In some of my earlier writing about special effects, I regularly found myself banging a particular drum, and eventually had to stop myself getting repetitive. In my research on special effects, I continually found practitioners, and some critics espousing a belief that virtual actors were soon going to reach such a perfect state of simulation that spectators would be unable to tell them apart from the real thing. The following comes from a paper I wrote for Stacy Gillis’ collection The Matrix Trilogy: Cyberpunk Reloaded:
It would be all too easy to fall for the suggestion that the age of the synthespian is imminent, and that soon human actors will interact with computer-generated co-stars without the audience realising which is which. Will Anielewicz, a senior animator at effects house Industrial Light and Magic, promised recently that “Within five years, the best actor is going to be a digital actor”. The apotheosis of an animated character into an artificially intelligent, fully simulacrous figure indistinguishable from its carbon-based referent is technically impossible, at least in the foreseeable future, but visual effects are not definitive renderings of a character or event but indicators of the state-of-the-art offering “a hint of what is likely to come” (Kerlow) in the field of visual illusions in the future. It is understandable that such a competitive industry needs to maintain interest in the potential of its products, but the mythos of the virtual actor has infiltrated the Hollywood blockbuster in recent years […]
For the record, I regret the phrase “technically impossible”: I think the barriers to producing perfect synthespians are not primarily technical, but cultural and economic (if there was enough demand, money would have been found for even more research and development even sooner). I was using the “mythos” or concept of the virtual actor, the belief in inevitable progress, as an example of the kind of teleological argument that I wanted to unpick. It wasn’t hard to find it surfacing in other places. This from another essay in James Lyons and John Plunkett’s Multimedia Histories: From the Magic Lantern to the Internet:
Kelly Tyler, of NOVA Online, a science-based website, has identified the photorealistic human simulacrum as “a new digital grail.” Damion Neff, an artificial intelligence designer for Microsoft video games has called it “the Holy Grail of character animation.” In his keynote address at the 1997 Autonomous Agents Conference, Danny Ellis listed the emotionally intelligent virtual actor as one of four “holy grail” in the field. In May 2003 John Gaeta, discussing his visual effects work on The Matrix Reloaded in the Los Angeles Times, referred to a believable digital human as “the holy grail” of our world. It seems that the Grail analogy has found some currency, at least amongst those working in the relevant creative industries. This frequently uttered analogy sums up the suggestion that technologies of visual representation have been working inexorably towards a final goal, but they might also inadvertently hint that such a goal is essentially elusive.

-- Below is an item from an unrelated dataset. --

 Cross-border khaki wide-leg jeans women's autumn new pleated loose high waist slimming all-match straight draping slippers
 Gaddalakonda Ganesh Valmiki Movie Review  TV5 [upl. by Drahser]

The development of special effects over time suggests scientific progress as motion towards a logical conclusion, their development effected by a series of refinements and improvements to existing mechanisms. Certainly, computer-generated imagery, with its increasing photographic verisimilitude permitted by faster processing speeds and more efficient rendering software, appears to be advancing at a quantifiable rate, implying a final destination of absolute simulation, a point where a digital human being can be rendered to a level of detail indistinguishable from actual flesh and bone, and possessing enough (artificial) intelligence to be a star offscreen instead of just a hyperreal cartoon upon it.
So, how can this teleology by questioned? How do we construct a more continuist approach to historicising these spectacles in the face of such persuasive technological progress? By drawing the focus away from the dazzling verisimilitude of illusory technologies and focusing on the conceptual questions which underpin their fascinating surfaces. We can observe antecedents of the virtual actor and note that the same spectacular strategies, prompting the same ontological questions, were in play.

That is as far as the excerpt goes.